Former Financial Conduct Authority technical specialist Rory Percival has said good robo-advisers shouldn’t fear the regulator.
Speaking at the Dynamic Planner conference today (1 March) at The Brewery in London, Mr Percival said the regulatory risk of automated advice has been overplayed.
His comments come after back in September 2015 then economic secretary to HM Treasury, Harriet Baldwin, said a start-up that wanted to enter the automated advice space was told it would have to ask consumers 247 questions to currently comply with regulation.
Ms Baldwin said both the government and regulator have promised to develop a ‘sandbox’ for innovation in this space.
Speaking at the FCA’s ‘robo-advice’ conference, Ms Baldwin said the ‘sandbox’ could be a “safer space” for firms to experiment with ideas for consumers without the full burden of regulation.
But speaking at today’s Dynamic Planner conference, Mr Percival said the robo-advice sector generally was too worried about the regulator.
Mr Percival, who left the regulator after 10 years last year to set up his own compliance consultancy, said: “The rules are not an end in themselves. They are there to encourage firms to create the right outcomes.
“As long as you are creating the right outcomes for clients, the regulator is going to be happy.”
Talking about the impact of technology on the way advisers do business, Mr Percival said in the short to medium term advisers would not be affected by robo-advice.

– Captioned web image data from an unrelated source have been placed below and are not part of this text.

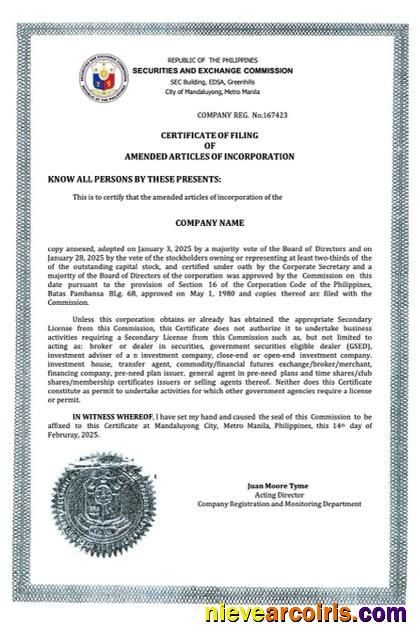 Professional Philippines Certificate Of Company Incorporation Word And PDF Template, Version 2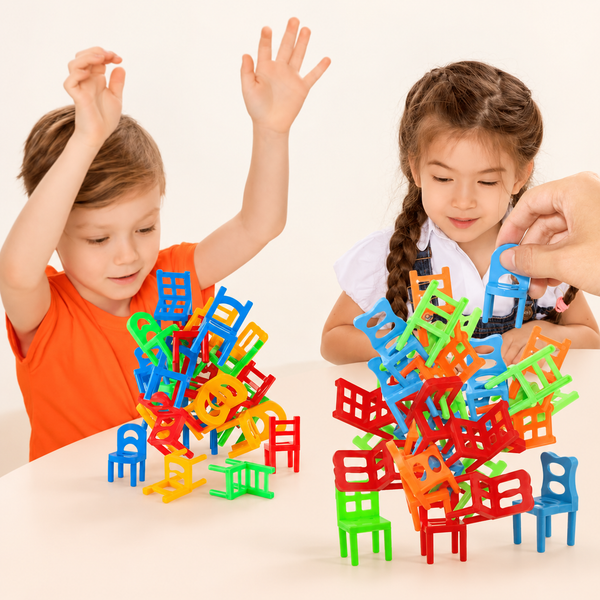 Chair-Stacking Balance Challenge Game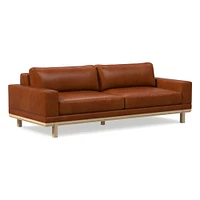 Dewitt 76" Sofa, Vegan Leather, Saddle, Blonde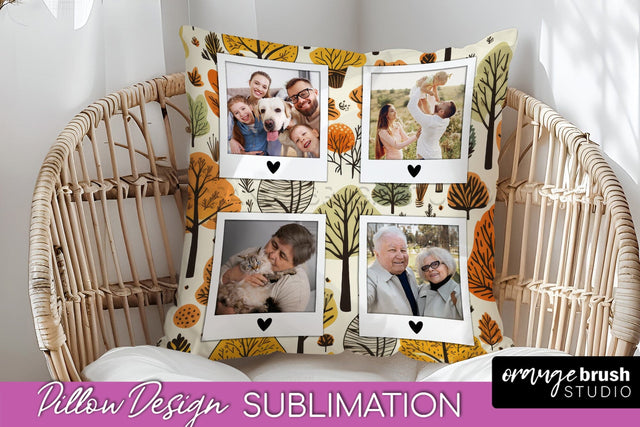 Autumn Photo Frame Pillow Sublimation - Add Your Picture Sublimation OrangeBrushStudio 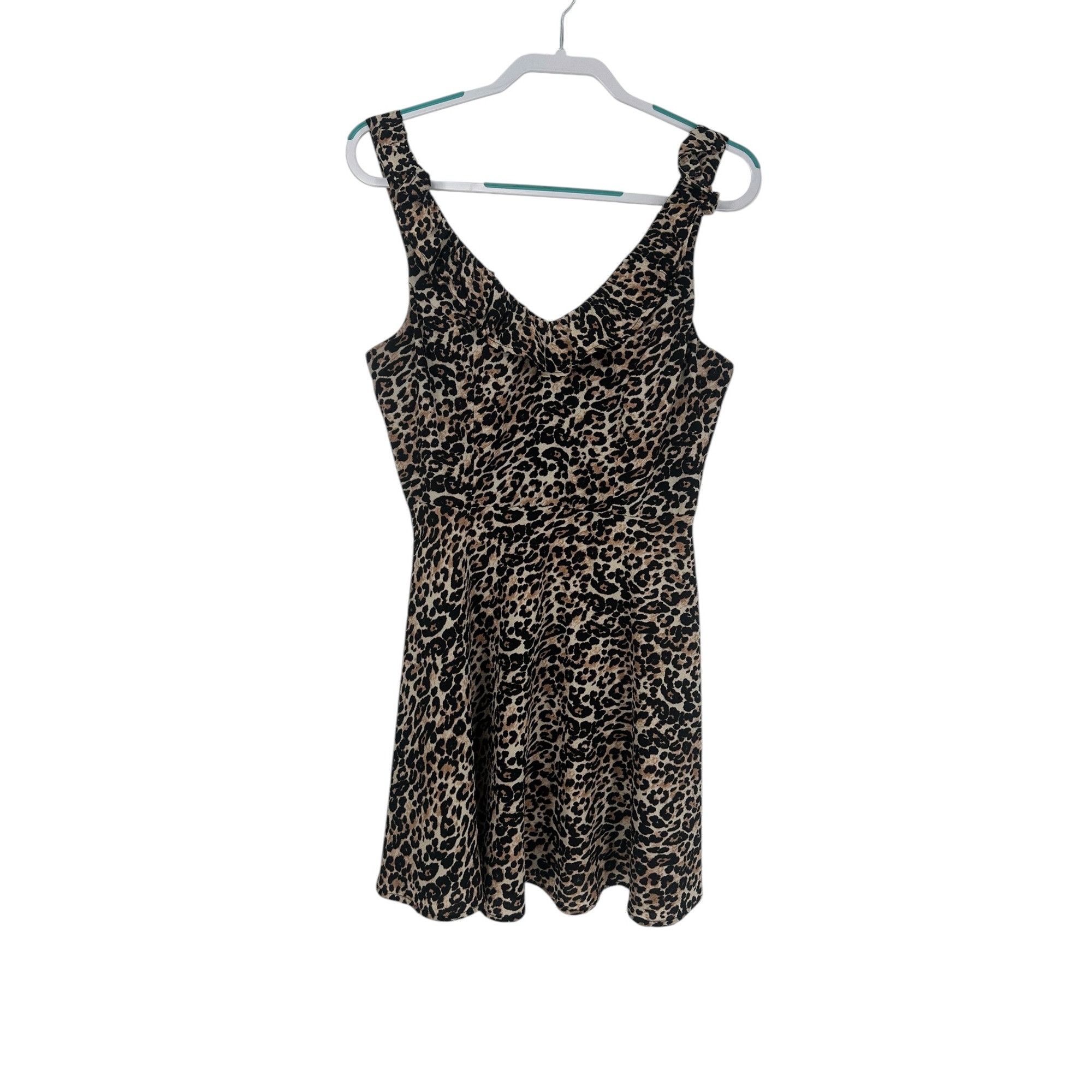 Other Crystal Doll Dress - Leopard Print Cowl Neck Mini - Size 11 Size XL / US 12-14 / IT 48-50 - 1 Thumbnail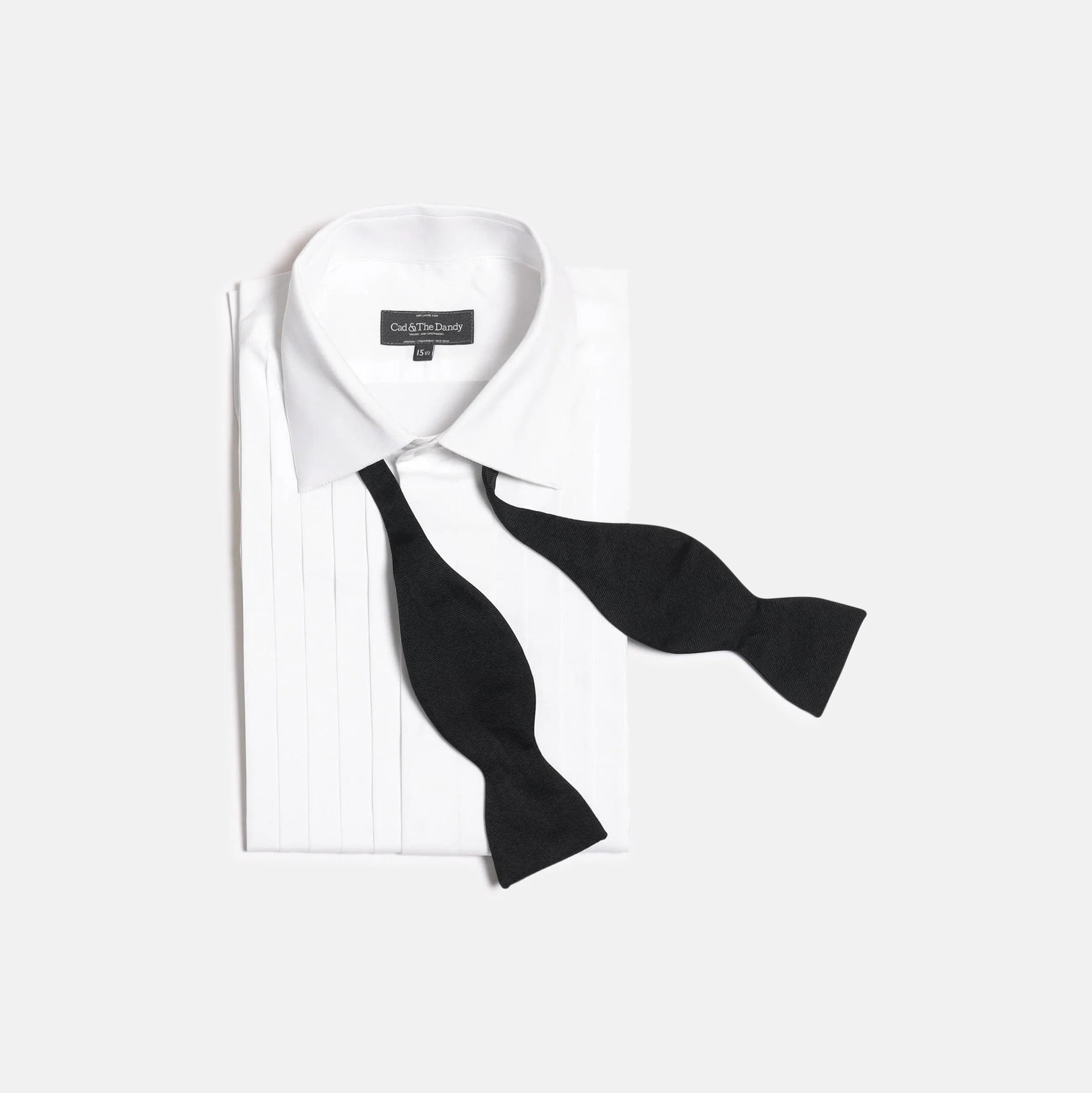 Classic Collar Pleated Dress Shirt in White Poplin – Cad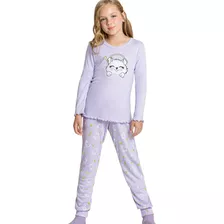 Pijama Infantil Longo Feminino Canelado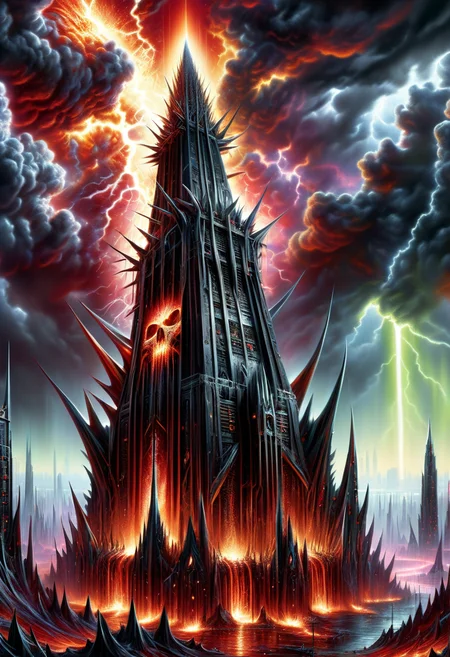 DonMD347hM374lXL hyper detailed masterpiece, dynamic realistic digital art, awesome quality,dedicated landscape,pocked solace,skyscrapers grove of innovation light shaft,water, time-efficient,hot,arcane,rituals,iridescent,machine-driven,convolute, death metal <lora:DonMD347hM374lXL:1>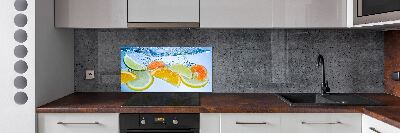 Spatplaat keuken Citrusvruchten onder water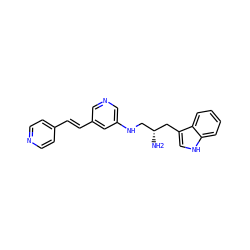 N[C@H](CNc1cncc(/C=C/c2ccncc2)c1)Cc1c[nH]c2ccccc12 ZINC000014957685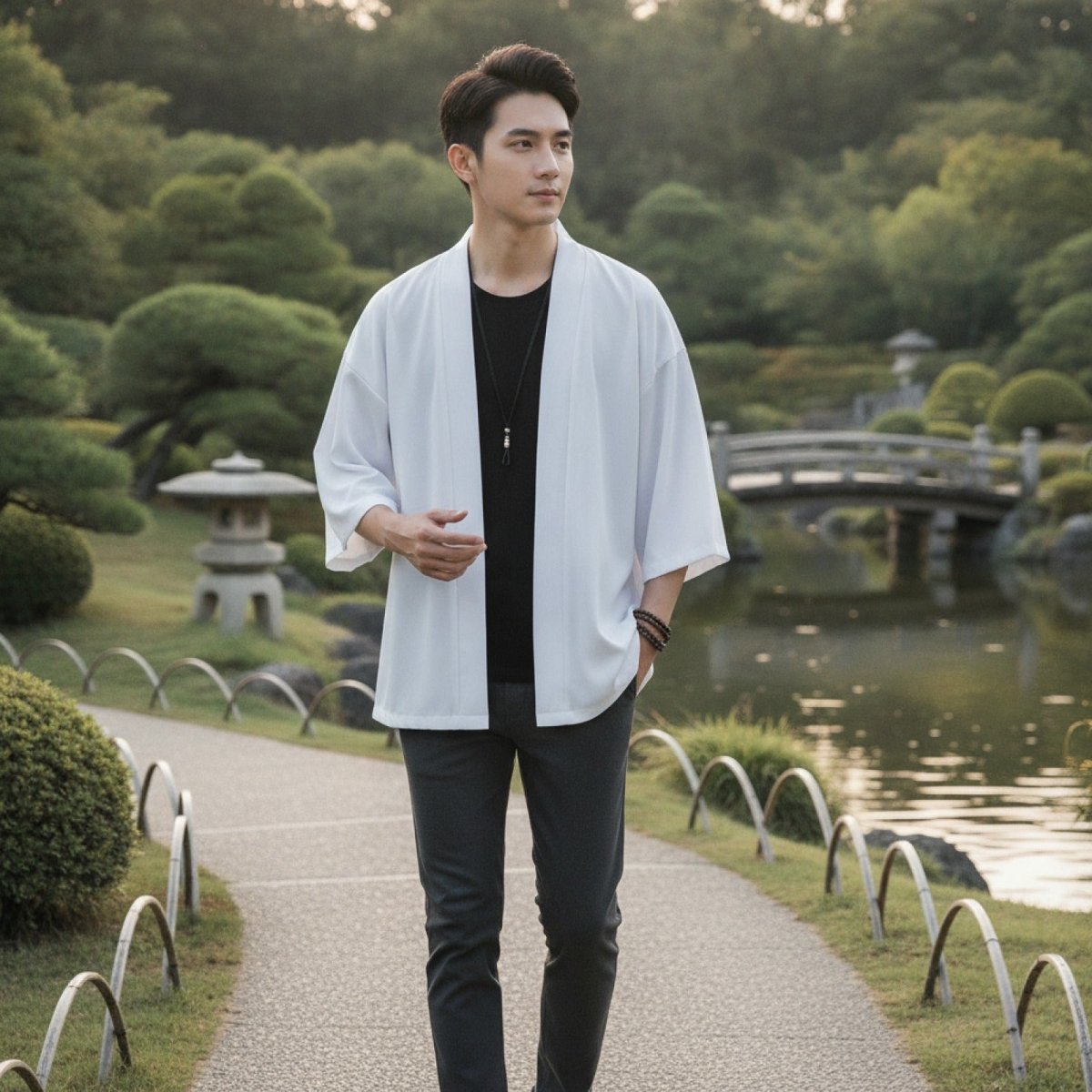 Chemise Kimono Style Japonais Homme – Blanc - M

But he questioned whether this would remain the case in the long term and said advisers should think about people who are accessing automated advice now or using the non-advised investment propositions and how to convert those to opting for face-to-face advice.
He said: “Where are those clients of the future coming from?
Mr Percival said advisers would have to address this issue if they wanted “long-term sustainable and valuable” businesses.